Abstract: TH-PO285
Relationship of Short-Term and Long-Term Blood Pressure Variability with Death and Cardiovascular Events in Peritoneal Dialysis Patients
Session Information
- Peritoneal Dialysis: CVD, Fluid, Nutrition
November 07, 2019 | Location: Exhibit Hall, Walter E. Washington Convention Center
Abstract Time: 10:00 AM - 12:00 PM
Category: Dialysis
- 703 Dialysis: Peritoneal Dialysis
Authors
- Oh, Yun Jung, Cheju Halla General Hospital, Jeju, Korea (the Republic of)
- Lee, Su mi, Dong-A University, Busan, Korea (the Republic of)
- Ryu, Jiwon, Cheju Halla General Hospital, Jeju, Korea (the Republic of)
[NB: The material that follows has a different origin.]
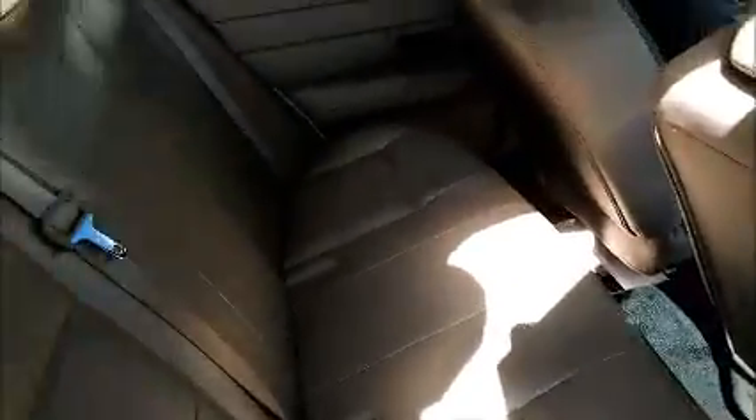Let's see if the back window opens. The back window is not working. Take a look inside the back seat — this window does not work.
- Lee, Chungsik, Cheju Halla General Hospital, Jeju, Korea (the Republic of)
Background
Blood pressure (BP) variability is associated with increased cardiovascular risk, not only in hypertensive patients but also in patients with chronic kidney disease. However, little is known about this association in peritoneal dialysis (PD) patients. This study aims to investigate the relationship of short-term (within 24-hour) and long-term (visit to visit) BP variability with death and cardiovascular events in patients on PD.
Methods
A total of fifty two prevalent PD patients were enrolled and underwent 24-hour ambulatory BP monitoring. Short-term BP variability was assessed with the weighted standard deviation (w-SD) of 24-hour ambulatory systolic BP monitoring and long-term BP variability was assessed with the SD of systolic BP across clinic visits. We assessed the associations of short-term systolic BP variability and long-term systolic BP variability with a composite outcome of death and cardiovascular events.
Results
The average short-term systolic BP variability was 13.3±2.9 mmHg, and average long-term systolic BP variability was 20.6±5.9 mmHg. In unadjusted Cox regression analyses, higher short-term systolic BP variability was significantly associated with increased risk of death and cardiovascular events (HR, 1.437; 95% CI, 1.146-1.801; P=0.002). The significant association of short-term systolic BP variability with the composite outcome was also maintained, in adjusted multiple Cox regression model (HR, 1.342; 95% CI, 1.025-1.756; P=0.033). However, long-term systolic BP variability was not related to the composite outcome in both the unadjusted (HR, 1.067; 95% CI, 0.958-1.188; P=0.239) and adjusted (HR, 1.083; 95% CI, 0.955-1.229; P=0.214) models.
Conclusion
In patients on PD, increased short-term systolic BP variability is related to higher risk of death and cardiovascular events, whereas long-term systolic BP variability is not.